Zab Maboungou : Corps accords
Zab Maboungou poursuit l’exploration du lien entre danse et musique dans un faux solo avec tambours et violoncelle intitulé Décompte.
Depuis qu’elle a créé Compagnie Danse Nyata Nyata en 1986, la Montréalaise d’origine congolaise Zab Maboungou marie danse et musique dans une alternance de créations solo et de pièces de groupe. "Mon processus est inspiré d’un principe musical africain qui se base sur un système de question-réponses, explique la chorégraphe. Mes solos parlent d’une préoccupation et les pièces de groupe servent ensuite à faire avancer le propos. Avec Décompte, j’arrive à un stade où je dois accepter qu’il n’y a pas de différence entre musique et danse parce que les deux sont essentiellement mouvement."

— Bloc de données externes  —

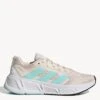 ADIDAS Questar Shoes - Wonder Quartz/Flash Aqua/Wonder White -The Sports Edit adidas questar shoes quartz aqua white if2243 1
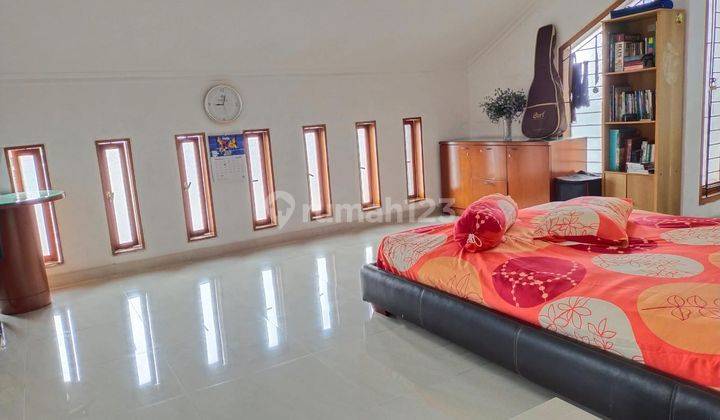 Rumah Lux 4lantai Sudirman Semanggi Jakarta Pusat 3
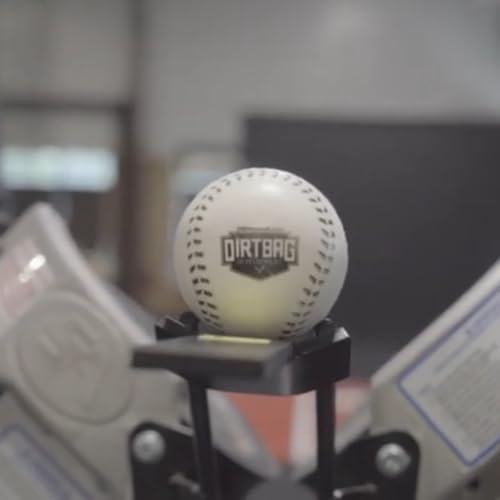 Pitching Machine Training Foam Baseballs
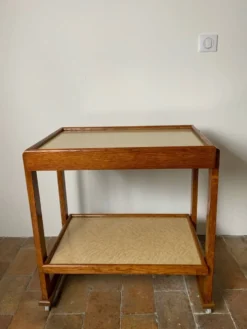Desserte vintage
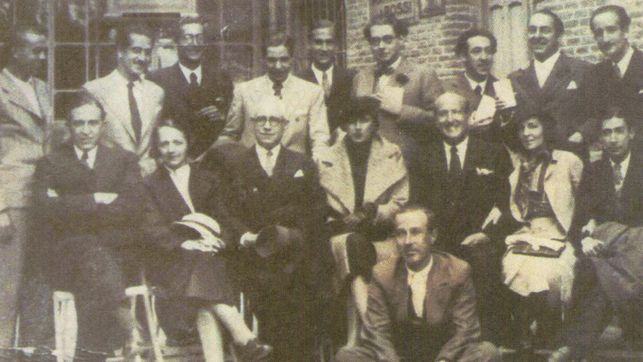Foto de miguel y neruda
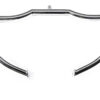 FACTORY 47 Chrome Shield Front Crashbar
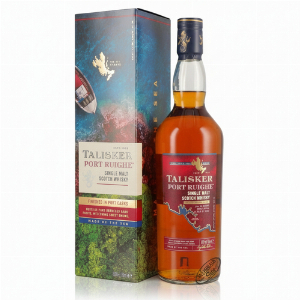 Talisker Port Ruigh Single Malt Scotch Whisky 45,8% Vol. 700ml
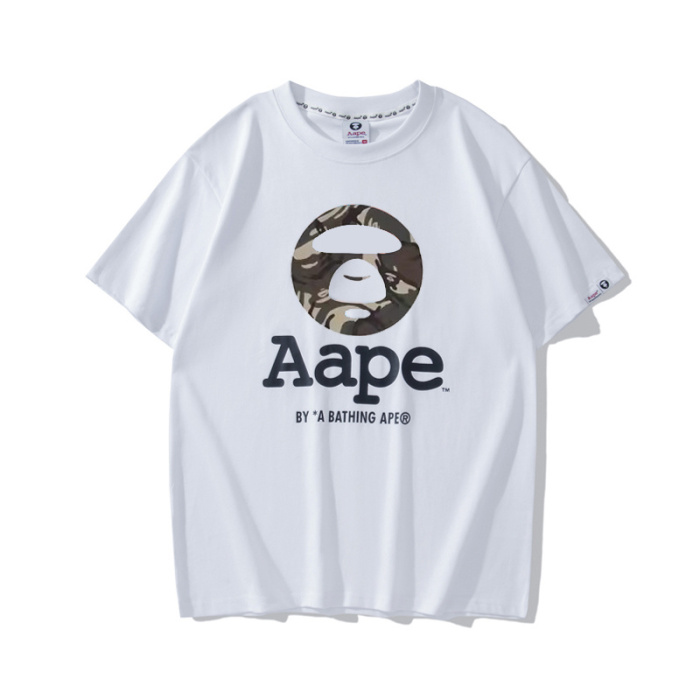 B*ape T-shirt Top Quality Qiqi 20240719-155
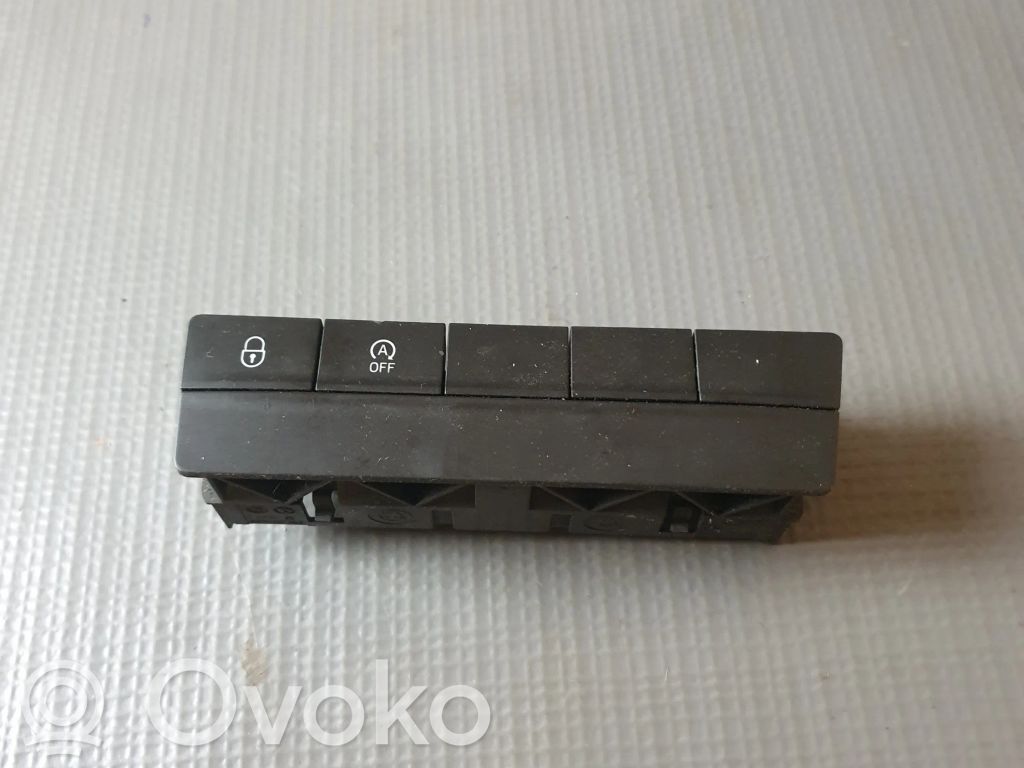 Skoda Octavia Mk3 (5E) Otros interruptores/perillas/selectores 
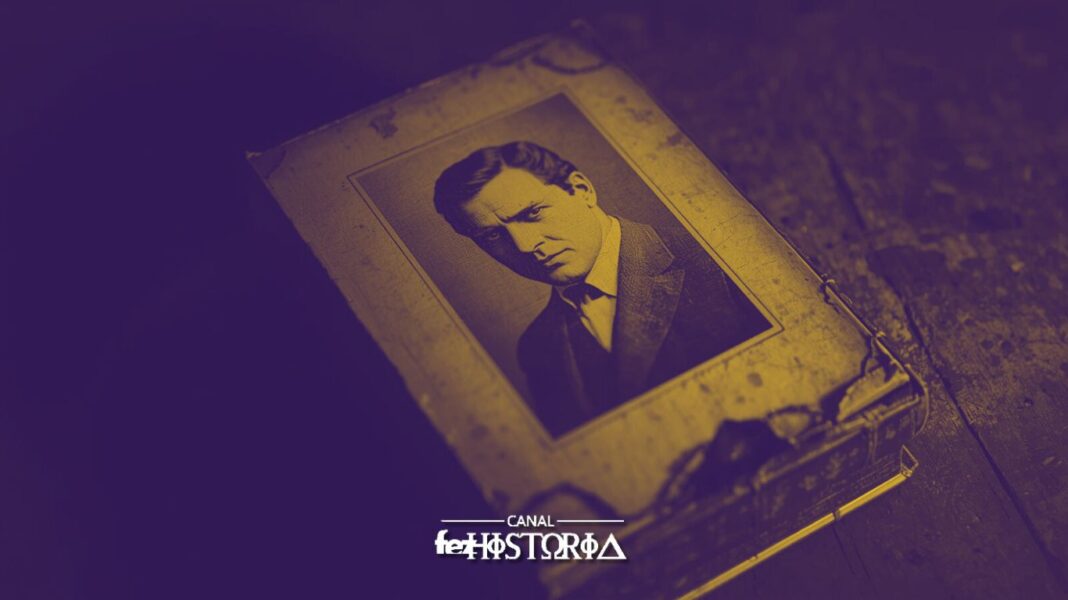 O Caso da Foto do Solteiro que Prevê a Morte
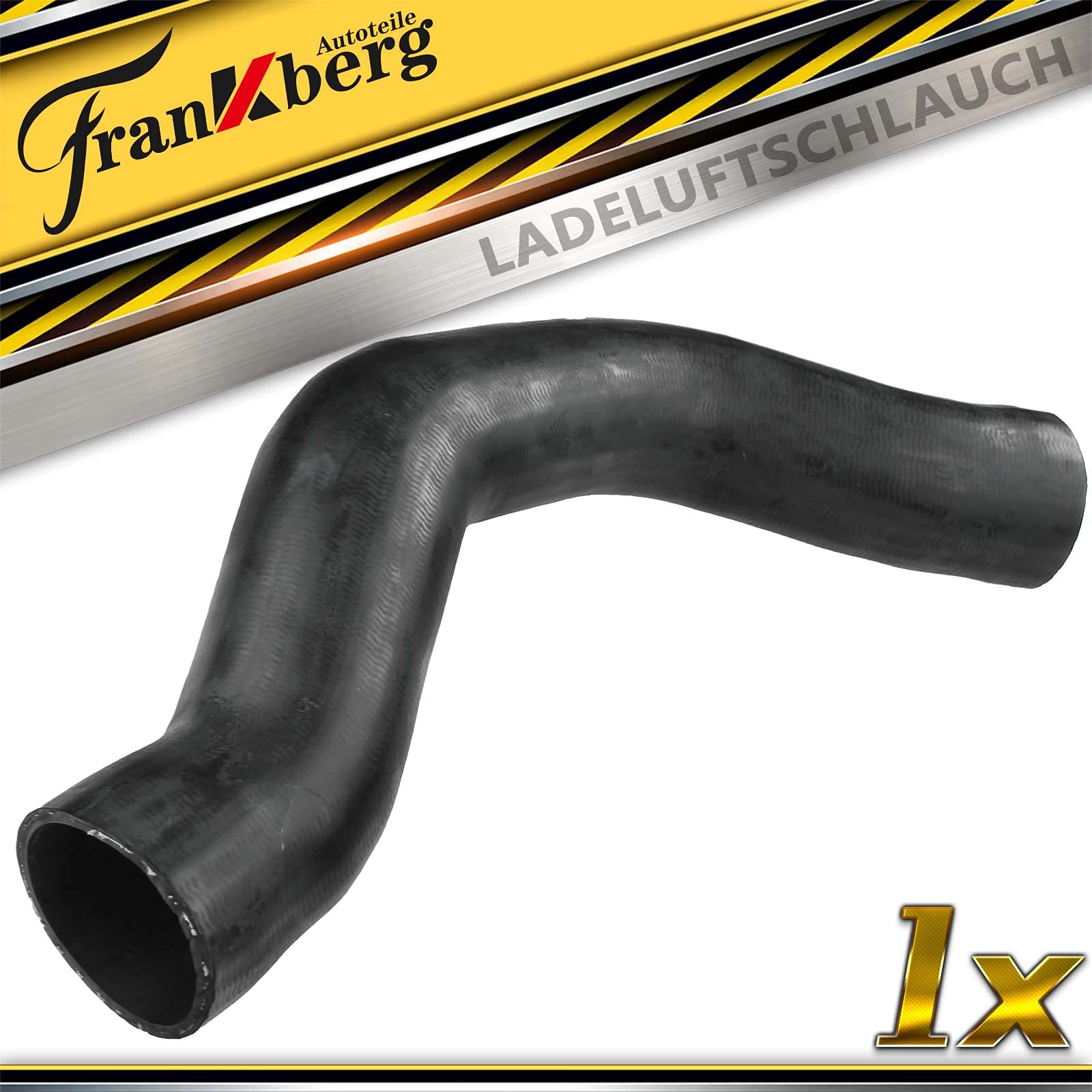 Frankberg Tubo manicotto intercooler Compatibile con Grand Cherokee II WG WJ 2.7 CRD 4x4 Cherokee KK 2.8 CRD 4x4 Cherokee KJ 2.8 CRD 4WD Cherokee KJ 2.8 CRD 4x4 Cherokee KJ 2.5 CRD 4WD 55037730AC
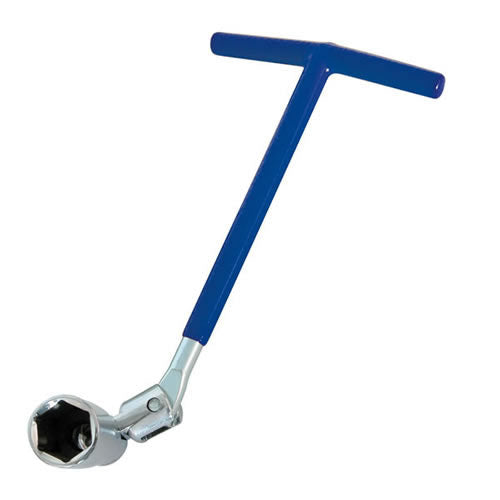 T-BAR SPARK PLUG SPANNER 16MM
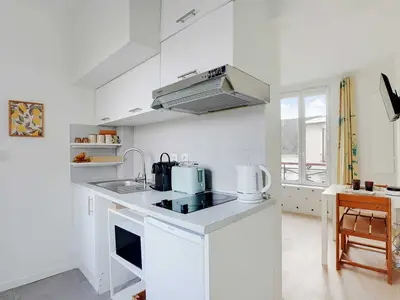 Ferienwohnung für 3 Personen (19 m²) in Rueil-Malmaison 8/10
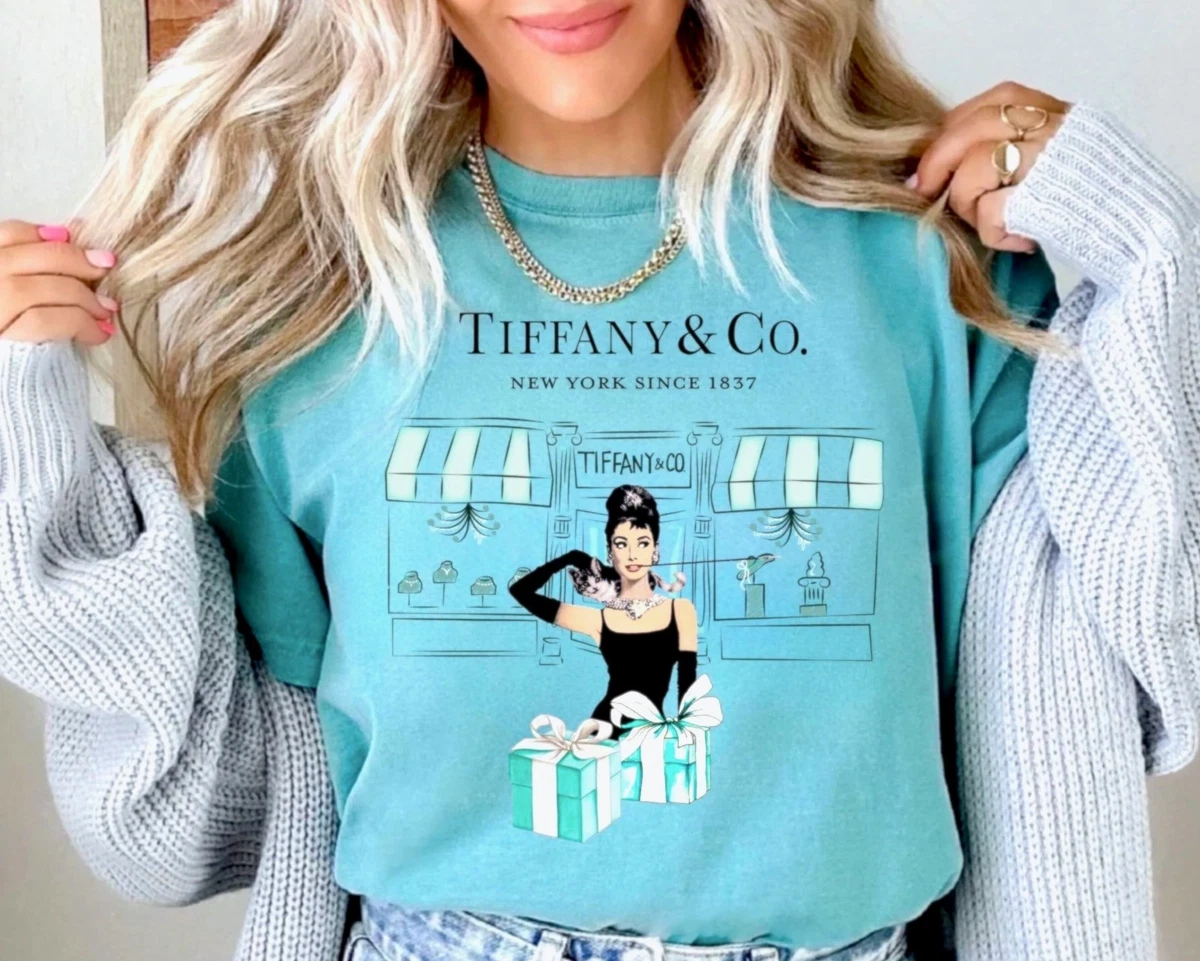 MUSTANG Audrey C Print T-Shirt Donna, Cotone Morbido, Girocollo, Taglio Ampio Con Stampa Floreale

Pour cette Parisienne de naissance élevée au Congo de l’âge de 5 à 17 ans, la musique est synonyme de rythme car celui-ci est conçu dans sa dimension percussive et marqueuse de tempo, dans son caractère fluide et mélodique, et même comme élément de la dynamique du silence. Quant au corps, il est vécu comme une "architecture rythmique" qui, en répondant aux sons et en jouant avec le souffle, permet au spectateur "d’entendre la danse et de voir la musique". Dans ce contexte, il apparaît logique que Maboungou compose ses musiques et que des musiciens l’accompagnent systématiquement sur scène. Cette fois, Jean-Christophe Lizotte et Marc Keyevuh interprètent une partition inspirée du prélude de la Suite pour violoncelle n° 2 de Jean-Sébastien Bach. Un violoncelle, des tambours puissants et un corps en mouvement pour incarner une voix qui n’utilise pas de mots pour porter à chacun un message indicible, universel et personnel à la fois.
"Dans mes pièces, c’est toute la question du geste qui se pose, de sa durée, de sa valeur et de son sens, déclare Maboungou. Pour moi, l’esthétique est reliée à l’éthique parce que les choses ne sont pas belles en dehors d’un sens que nous portons et qui se déploie en nous. C’est pourquoi je pense que notre intelligence et notre sensibilité sont toutes deux articulées dans le geste." Fidèle à sa culture africaine, l’artiste quinquagénaire ne conçoit pas la danse comme un spectacle mais comme un rapport au monde. Elle a d’ailleurs été un précieux point d’ancrage dans sa vie d’exilée politique.
"Je me suis retrouvée dans des lieux que je n’avais pas nécessairement choisis et à un moment donné, la danse m’est apparue plus que jamais nécessaire comme moyen pour vivre. En ça, je retrouve la tradition qui dit que la danse doit servir à être et à vivre, qu’elle n’est pas seulement quelque chose d’esthétique que l’on contemple et qu’elle exige de nous une participation intégrale. Elle est une célébration, un moyen de s’élever, de sortir de soi et de ce que l’on croit être son identité. La dimension contemporaine de mes oeuvres est qu’elles ont à voir avec ma vie et mon vécu. Mais en fait, tradition et modernité sont étroitement imbriquées dans ma vie depuis toujours."
À ce jour, Zab Maboungou est l’auteure d’une vingtaine d’oeuvres dont elle se plaît à dire qu’elles sont des poétiques plutôt que des chorégraphies. On comprend pourquoi. Et si leur grande physicalité est à souligner, elles ont aussi un caractère méditatif qui, pour certains, transformera le spectacle en expérience intime.